000, 001, 011, 111, 110, 100, 101, 010.

...and that's it.

If, OTOH, we say the key could be anywhere between 1 and 3 bits, then the possibilities increase, right? Like, now it could also be:

00, 01, 10, 11 and 1, 0.

...I think this is calculated as: (2^3) + (2^2) + 2 = 14 ...but what's the formula for this? Using your 62-character example, how can we quickly determine the possibilities for a variable length password such as in this case, where it was 1-6 characters? I reckon the result should be the same as manually breaking it down as: (62^6) + (62^5) + (62^4) + (62^3) + (62^2) + 62.

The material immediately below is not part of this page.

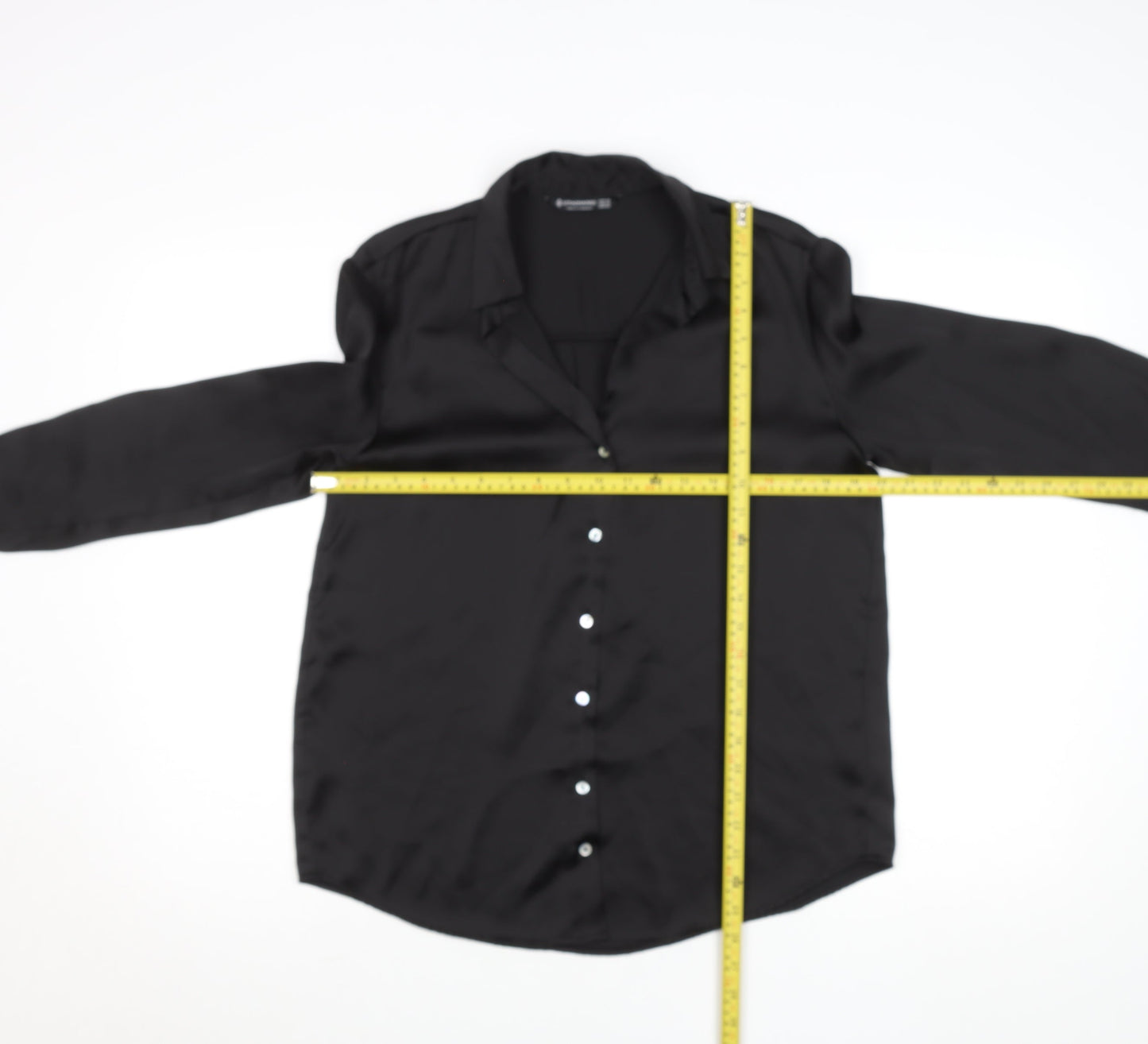Stradivarius Women's Black XS Satin Button-Up Shirt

EDIT: I guess what I'm saying/asking is that I know how to automate this sort of thing using a programming language (where you ask the user to enter the min/max lengths, etc.), but I'm curious about how to do it if all I have is a calculator. Like, say I want to quickly calculate the keyspace for a password that allows 94 ASCII characters, and has a length between 12 and 36. How would I do that?

Okay, I think I found one calculator-compatible shortcut, and I'm posting it in case it helps anyone else:

(CharacterSetLength^(PasswordMaxLength+1)-CharacterSetLength^PasswordMinLength)/(CharacterSetLength-1)

So, for the scenario I presented in the quoted text above (94 ASCII, length of 12 to 36), the calculation would go like:

...which AFAICT checks-out if we do things manually:

FWIW, it's essentially irrelevant to consider the minimum length for purposes of calculating runtime. A better way to approach things is to include one more character than there really is as a sort of "null" byte (e.g., a 7-character password can be considered to be an 8-character password with one byte set to NULL).

Your value for 12-36, 94 character set is about 2^235.981. Using the 95 "character set" for length 36 (e.g., 95^36) is about 2^236.514. As you can see, it's pretty close. If you want to get really precise, use the original character set for the minimum length and the +1 for the remaining characters. For example, 94^12*95^(36-12) yields a value of 2^236.332. Of course, just using 94 characters for 36 places (94^36) yields 2^235.965.

The reality is that the largest term dwarfs the smaller terms by so much that it becomes the dominating factor. You can see that in the A-Y values you posted, each one increases by 2 digits, or an approximate factor of 100.